- _YOUR TASK_:
Using the entries below, copy exactly each line from the line with "Tagua Nut Merlot Ring 22mm" up to and including the line with "Trình Thủ tướng", with every picture left out.

- _DATASET ENTRIES_:

──────────

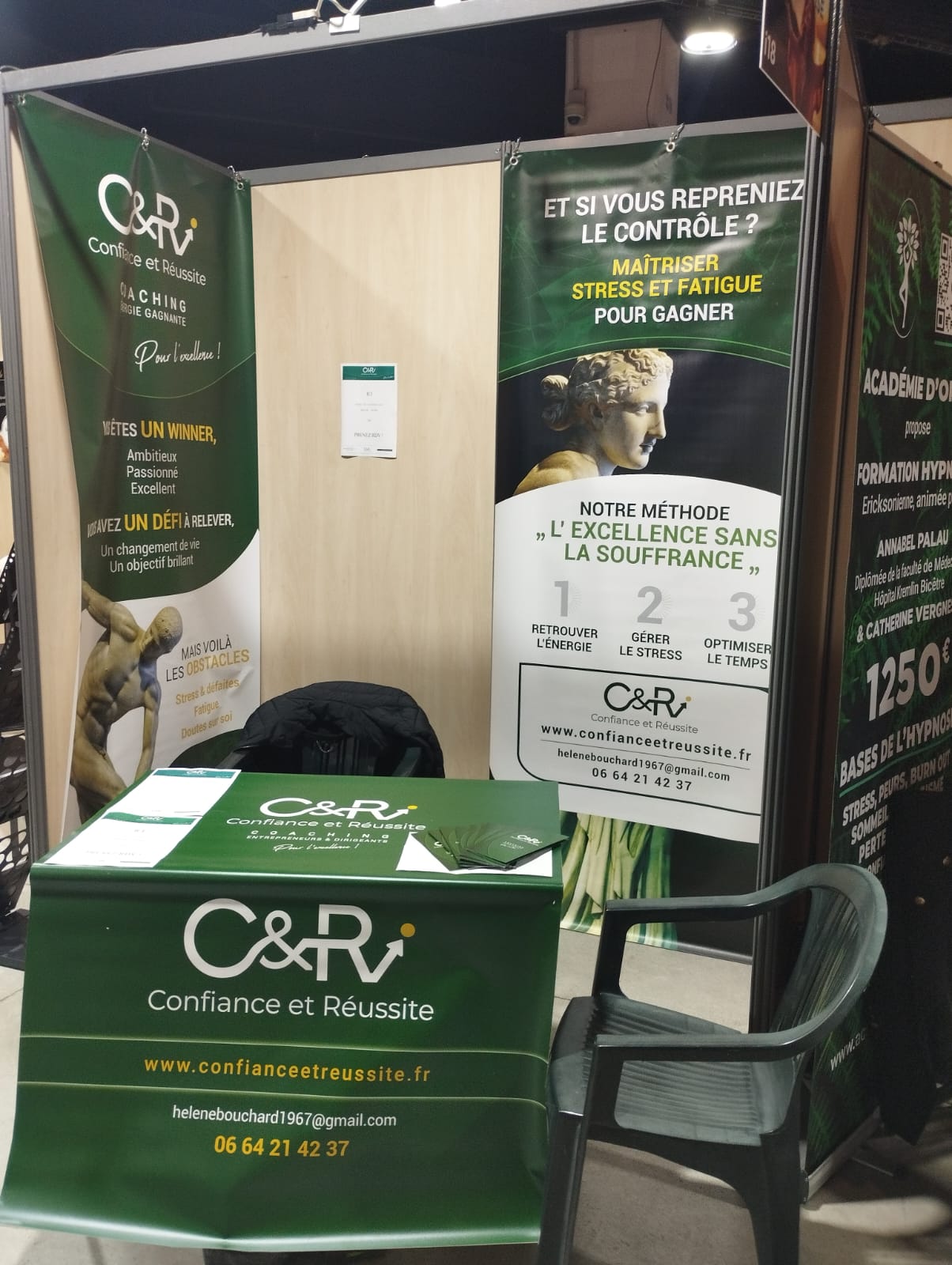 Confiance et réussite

──────────

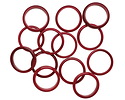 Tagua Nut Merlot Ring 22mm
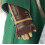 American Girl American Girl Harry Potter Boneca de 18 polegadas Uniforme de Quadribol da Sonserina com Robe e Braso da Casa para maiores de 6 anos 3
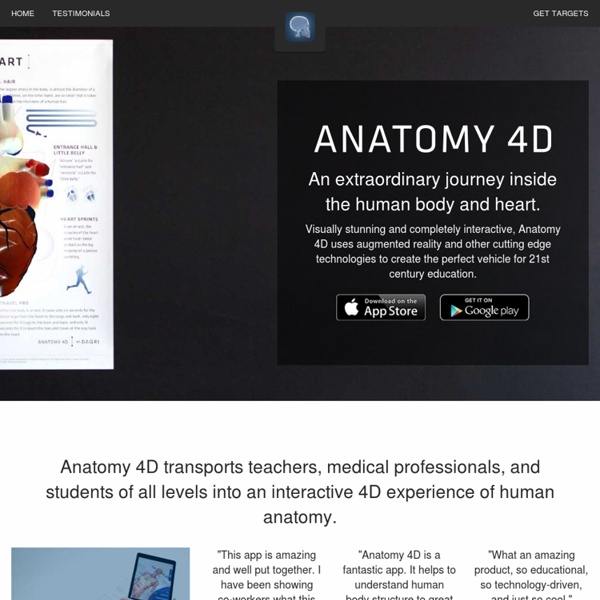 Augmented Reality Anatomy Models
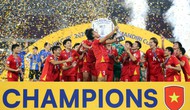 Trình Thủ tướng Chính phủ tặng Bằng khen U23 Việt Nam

──────────

- _RESPONSE TO THIS TASK_:
 Tagua Nut Merlot Ring 22mm
 American Girl American Girl Harry Potter Boneca de 18 polegadas Uniforme de Quadribol da Sonserina com Robe e Braso da Casa para maiores de 6 anos 3
 Augmented Reality Anatomy Models
 Trình Thủ tướng Chính phủ tặng Bằng khen U23 Việt Nam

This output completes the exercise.